Aim of the exercise: Among the records below, find the line that has "World Apparel Black"; from there, give the lines again exactly, and stop after the line that has "2021 new letter".

Data supplied:
=======
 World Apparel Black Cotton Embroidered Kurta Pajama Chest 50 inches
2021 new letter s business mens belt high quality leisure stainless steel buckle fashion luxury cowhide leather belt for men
=======
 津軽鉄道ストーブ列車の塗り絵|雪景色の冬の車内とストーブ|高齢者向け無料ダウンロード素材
=======
Exercise answer:
 World Apparel Black Cotton Embroidered Kurta Pajama Chest 50 inches
2021 new letter s business mens belt high quality leisure stainless steel buckle fashion luxury cowhide leather belt for men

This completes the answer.